My parents seem to be handling it pretty well. But then again I don’t really know what their baseline of annoyance with their bodies is. Nor is there any guarantee that I have any of their good genes. Mother nature is a mad scientist, you never know what’s going to happen.
The other thing you have to worry about is great leaps forward in medical science. If you Benjamin Button yourself at 60 you’re guarantying that you’re only going to live 120 years, and the last decade or so is going to be garbage. What if they come up with some AI enabled replacement spine that makes the normal human lifespan change to 200? You’ve really screwed yourself then. I’ve been told (read actually) that clinical immortality is already possible, meaning that they could keep a human brain and spine “alive” outside of a body indefinitely. I wonder what people that believe in souls think of that.
Conclusion – maybe go with 67 and a half, that’s retirement age right? 135 years seems like a good amount of time to be alive.
PS – I have a friend who wants to live forever. Which is interesting because most very elderly people I know will say out loud to your face they want to die. I think when people want to live forever they should say they also want to be young forever. There’s a kind of vampire that has eternal life but not eternal youth – they’re pretty messed up.

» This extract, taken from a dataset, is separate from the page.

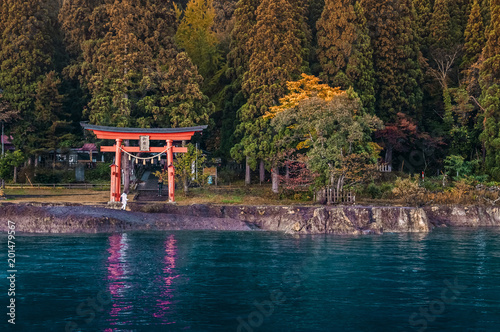 Red Torii of Gozanoishi Shrine at Lake Tazawa ko, Senboku, Akita, Japan. Japanese  characters on wooden sign on top of Torii gate is name of Shrine photo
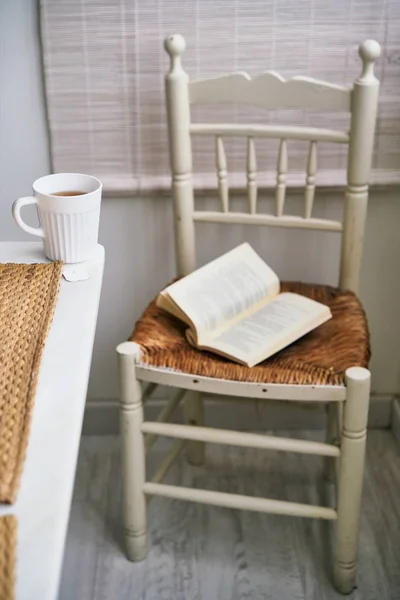 Comfortable Chair Open Book Placed Table Mug Fresh Tea Cozy — Stock Photo, Image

PPS – A couple people that read this have had concussions, I’d be curious to hear what that was like.
PPPS – Update to my in-depth analysis of Marvel Strikeforce characters. Most of those characters I mentioned as the best are now worthless garbage. Power creep is an issue in most games, and MSF is a good example of how it ruins everything. The problems started with Nick Fury – at that point a SHIELD team became unbeatable. To “solve” that problem they introduce an even MORE overpowered character, Magneto which made Brotherhood teams unbeatable. To “solve” that problem they introduced an even MORE overpowered character Dark Phoenix who made any team she was on unbeatable. Process repeat with Mister Sinister, Ultron, Doc Ock and so on and so forth.

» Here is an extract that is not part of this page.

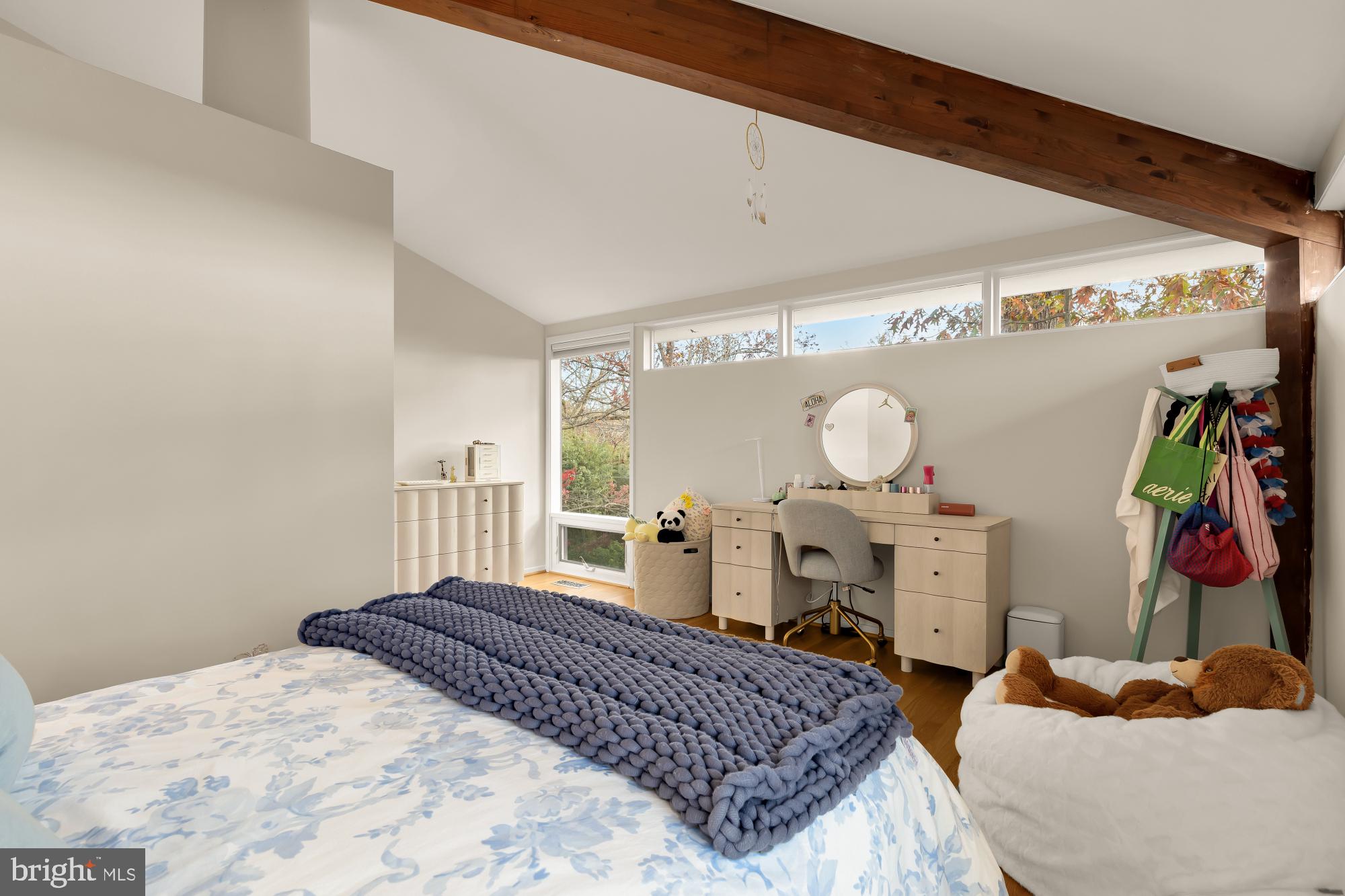 5420 Mohican Road Bethesda, MD 20816 - Photo 43 of 71 a bedroom with a bed and dresser with mirror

It NEVER ends with the damn hairs
Concussions vary, depending on how it’s obtained. They make you feel nauseous and dizzy, and trying to maintain concentration on one thing for an extended amount of time proves to be difficult. So I guess you become a dog? Additionally, I wonder if Mr Wheezleteeth Mc Livesforever would want to live forever if he lived in Pakistan or Somalia, or if it was 1920, or the dark ages. It all depends on your outlook I guess. I wonder if atheists fear dying because they don’t believe in the energy that makes up a person regenerates or transfers anywhere? Or maybe they think being Dracula is OP?